Egypt Happy to See U.S. Destroy Its Armed Opposition, Worried About Resentment on the Street

By Andrew Hammond

Concerned that popular anger could call into question their rule, Arab leaders like Egypt’s President Hosni Mubarak are trying to strike a balance between support for America’s war on Muslim Afghanistan and articulating the deep resentments their populations feel toward the United States because of its policies in the region.

While Egypt and other Arab states can rely on tightly controlled state media, things are not as easy for them as during the 1991 Gulf war, when Egyptians and Arabs were similarly incensed at their leaders’ alliance with the West against a Muslim neighbor.

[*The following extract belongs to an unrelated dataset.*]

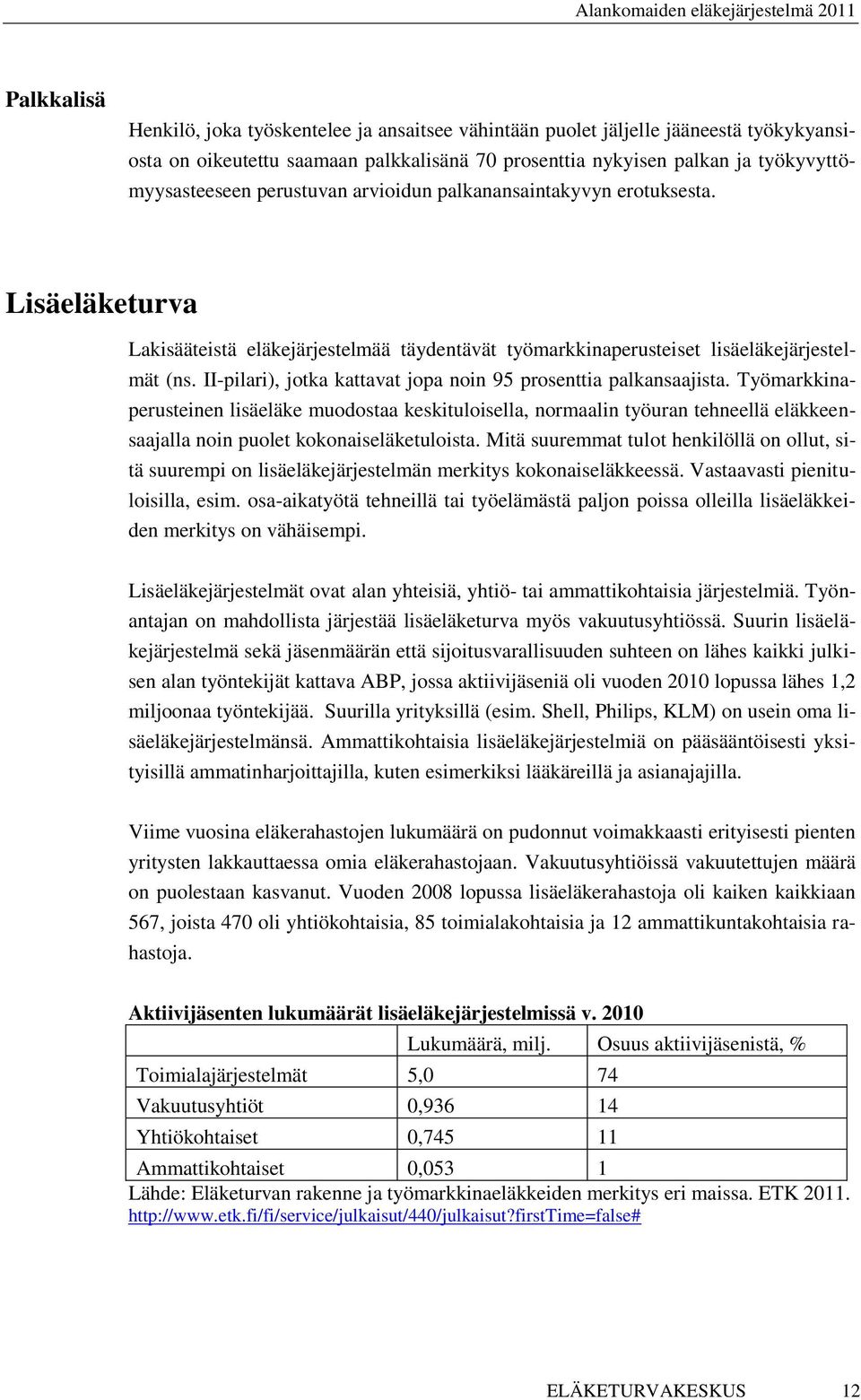 II-pilari), jotka kattavat jopa noin 95 prosenttia palkansaajista.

Media-savvy Osama bin Laden has been able to use the Arabic satellite channels which have emerged in the last decade to make sure that he gets at least a hearing from the masses. His success via the highly popular al-Jazeera, based in Qatar, isn’t worrying just the U.S.-British coalition. It’s also worrying Arab regimes who don’t want trouble with citizens questioning their governments’ support for the Americans in their latest war.

It’s not as if regimes like Egypt’s aren’t getting anything in return for backing the West, however. When Britain’s Tony Blair was in Egypt Oct. 10 to assure the Egyptians that this is no war on Islam, Mubarak found for the first time a British prime minister willing to listen to his constant complaints about Islamist dissidents given residency in Europe. Britain has been unable to extradite any because of the death sentence that awaits them in Egypt and because of human rights complaints over the military trials Egypt uses to convict them in the first place. After Blair’s visit, Egyptian Islamist Yasser al-Serri was arrested in London, but not—officially anyway—because of a death sentence against him from an Egyptian court. He apparently is suspected of involvement in the assassination of Afghan rebel leader Ahmed Shah Masoud two days before the Sept. 11 attacks.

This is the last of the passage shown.